Tomás repasó los pasos cumplidos hasta ese momento.

—Coincido: Bill sabrá manejarla.

Wilson entornó los párpados y sus ojos castaño claro adquirieron el brillo de la mirada de los tigres cuando miden al adversario. ¿Tomás era absolutamente leal? En los últimos tiempos citaba demasiado a Bill: hasta había llegado a decir que el profeta se le aparecía en sueños. ¿Qué pistas significaban esas descuidadas palabras? No había vuelto a pronunciarlas, porque no era tonto. Pero Wilson no las olvidaba. ¿Se había entablado un lazo clandestino entre esos dos hombres, sin que lo hubiesen participado? La alianza se basaba en el originario vínculo de él con Bill, no de Bill con Tomás, pero en las guerras surgen situaciones inverosímiles. Se acercaban momentos de prueba. Siguió contemplando los lentos movimientos de Tomás, que parecía tranquilo, inexplicablemente tranquilo.

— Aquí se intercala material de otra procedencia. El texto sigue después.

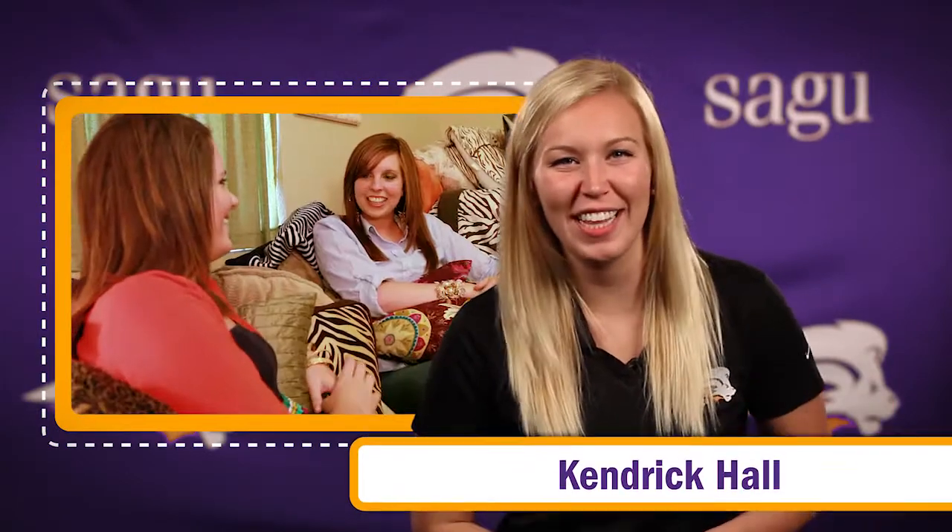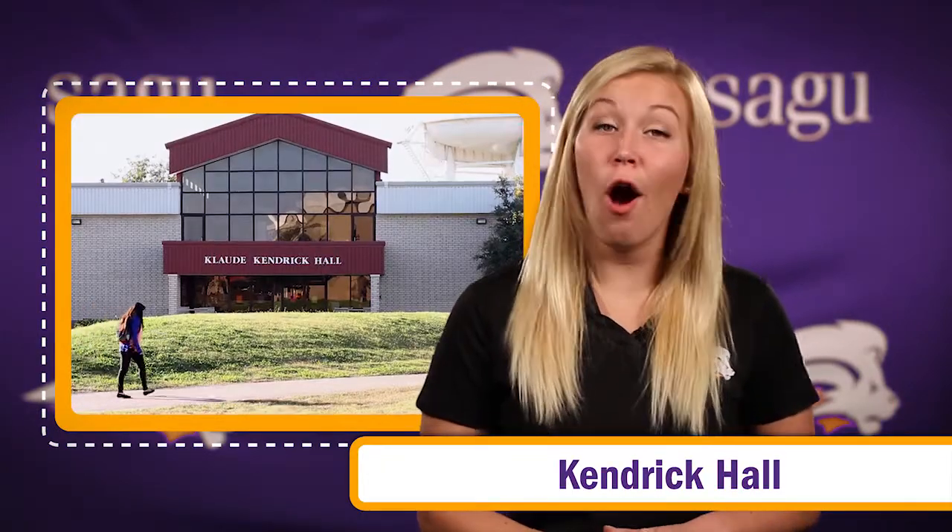This location is just for the ladies. Kendrick Hall is our all-girl residence hall here on campus, and it's named after one of our former university presidents, Claude Kendrick. Kendrick Hall consists of two sections: outside Kendrick and inside Kendrick.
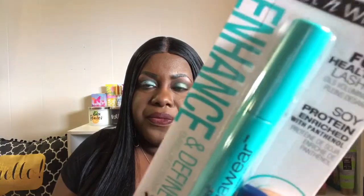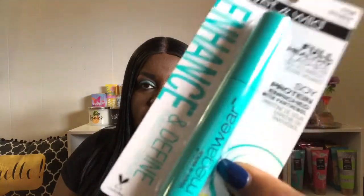From Dollar Tree, I got the Very Black Wet n' Wild Full Healthy Lashes mascara. I love mascara, and I believe in putting on two to three coats.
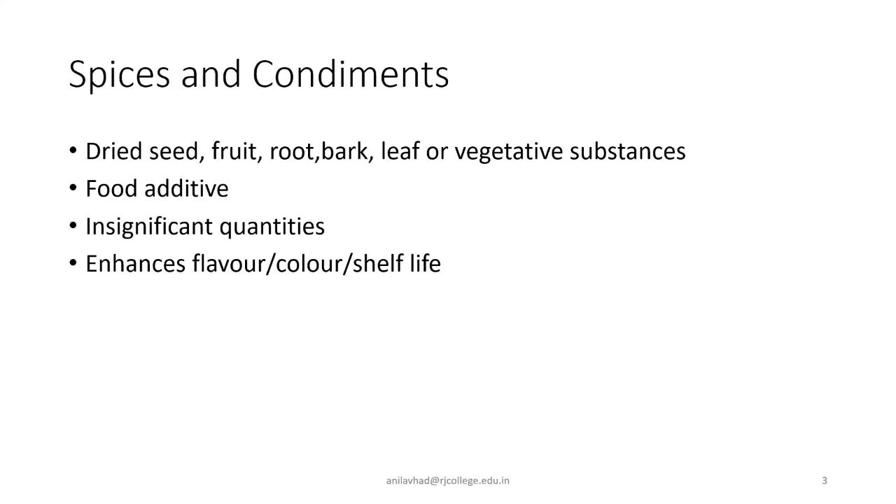Used as a food additive in nutritionally insignificant quantities to enhance the flavor, color, or shelf life of the product.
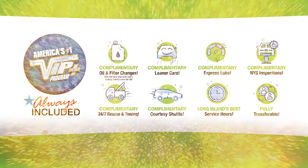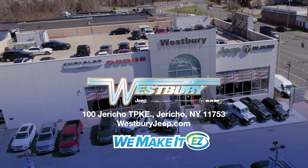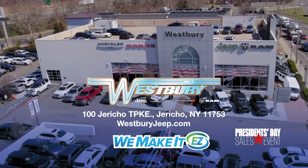Remote start system and more. Plus every Westbury vehicle comes with America's number one VIP Plus program. At Westbury Jeep Chrysler Dodge Ram we make it easy. President's Day Sales Event.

Antes de que Dorothy entrara en esa crisis, incluso antes de que Damián fuese enviado hasta Yacuiba para terminar como héroe muerto, desde Paraguay descendieron por el río Paraná tres barcos de carga en cuyos contenedores iba más droga de la que podía confiscar la gendarmería nacional en cinco años. Previamente, una empresa de Wilson Castro había vendido a Paraguay toneladas de carnes y mariscos congelados. Una parte del cargamento descendió en Asunción y fue distribuida en el mercado local. Otra parte, bastante significativa, se utilizó para envolver en gruesas capas los kilos de cocaína que habían reunido sus socios en galpones cercanos al puerto. De esa manera, aunque hubiese una inspección de aduana, saldría una caja de mariscos tras otra sin que pudieran llegar al núcleo donde se escondía el verdadero botín. La comida es la mejor técnica de empaquetamiento, ya que hasta el más obsesivo de los vistas teme echarla a perder y no insiste en llegar hasta el fondo.

La merca arribó en perfecto estado a Buenos Aires mientras los agentes de la DEA y porciones enteras de la gendarmería se ocupaban de rodear los caminos que desembocan en Garín. Los periodistas celebraron la audaz maniobra que hizo caer a Lomas; también hubo ascensos y medallas para quienes habían tenido una participación de riesgo. Wilson Castro exigió a los funcionarios locales y extranjeros que respetasen su bajo perfil, porque la verdadera meta era luchar contra el flagelo, no aparecer en los medios de prensa.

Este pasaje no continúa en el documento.